The rainfall-runoff potential of Jangseong reservoir watershed was studied based on SCS (Soil Conservation Service, which is now the NRCS, Natural Resources Conservation Service, USDA) runoff curve number (CN) technique. Precipitation and reservoir operation data had been collected. The rainfall-runoff pairs from the watershed for ten years was estimated using reservoir water balance analysis using reservoir operation records. The maximum retention, S, for each storm event from rainfall-runoff pair was estimated for selected storm events. The estimated S values were arranged in descending order, then its probability distribution was determined as log-normal distribution, and associated CNs were found about probability levels of Pr=0.1, 0.5, and 0.9, respectively.

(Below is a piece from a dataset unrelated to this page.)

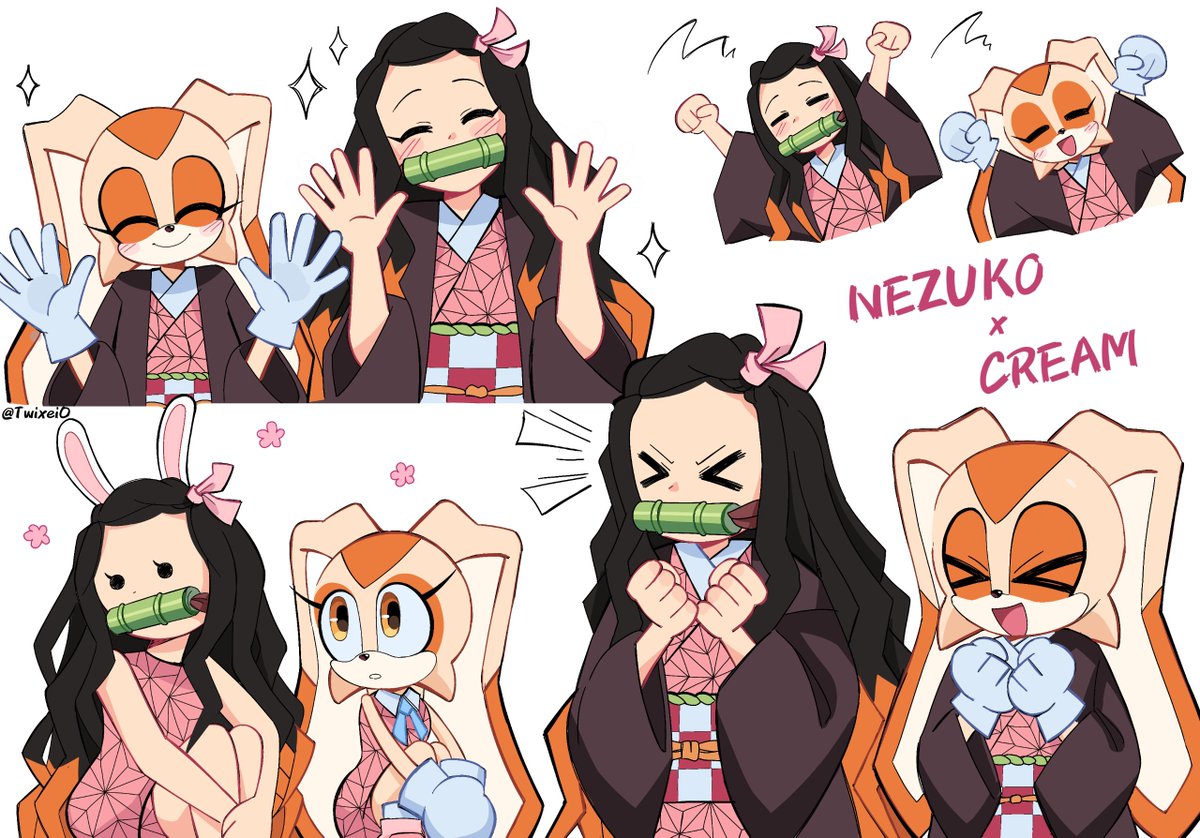 Twixei0's tweet image. I see you guys keep asking if I can draw one character with another, so I'll repost these in case you missed any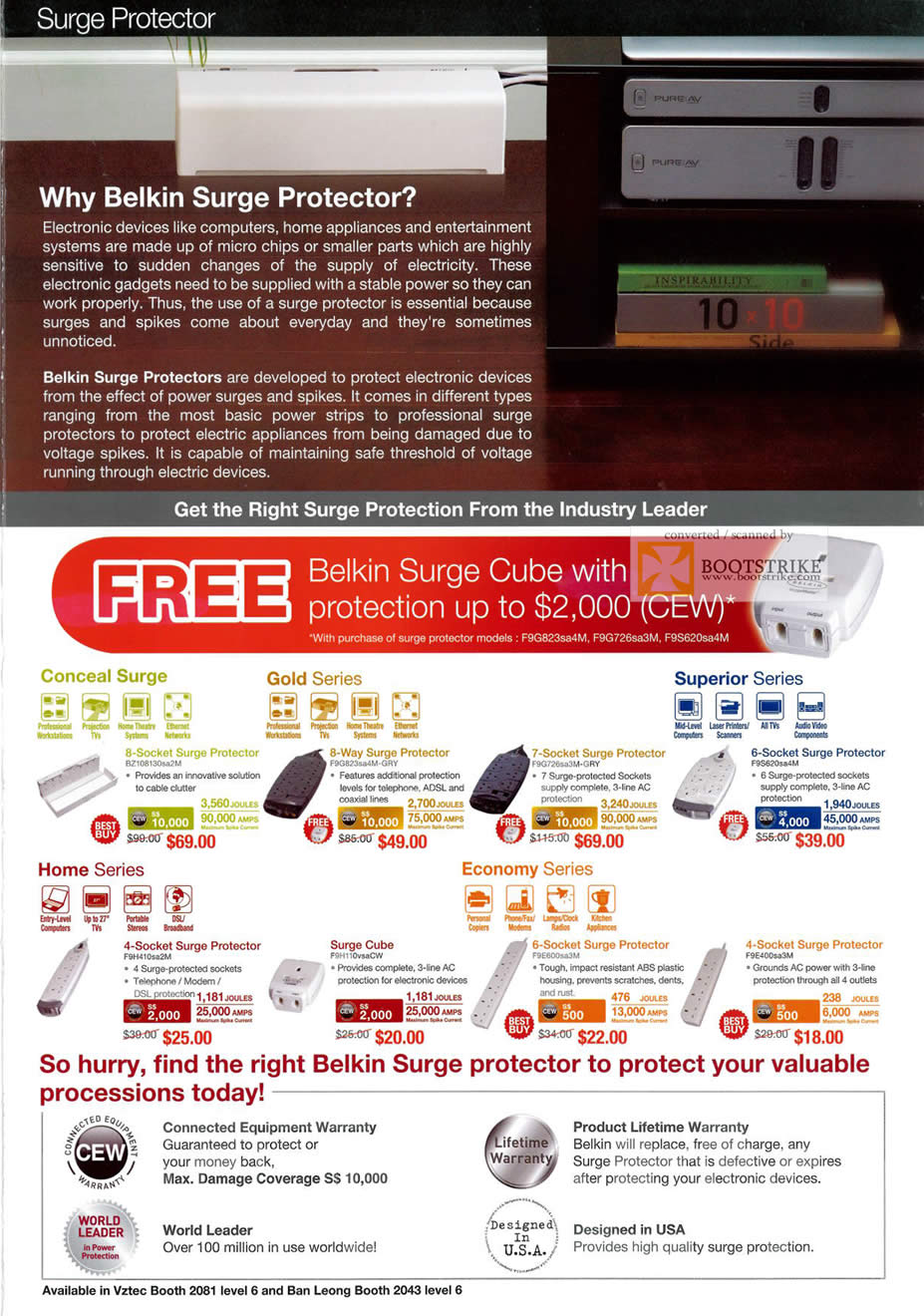 PC Show 2011 price list image brochure of Belkin Surge Protector Conceal Gold Superior Home Cube Economy Socket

A subwatershed that has the similar portions of land use categories to the whole watershed of Jangseong reservoir was selected and hydrologic monitoring was conducted. CNs for subwatershed were determined using observed data. CNs determined from observed rainfall-runoff data and reservoir water balance analysis were compared to the suggested CNs by the method of SCS-NEH4. The $CN_{II}$ measured and estimated from water balance analysis in this study were 78.0 and 78.1, respectively. However, the $CN_{II}$, which was determined based on hydrologic soil group, land use, was 67.2 indicating that actual runoff potential of Jangseong reservoir watershed is higher than that evaluated by SCS-NEH4 method. The results showed that watershed runoff potential for large scale agricultural reservoirs needs to be examined for efficient management of water resources and flood prevention.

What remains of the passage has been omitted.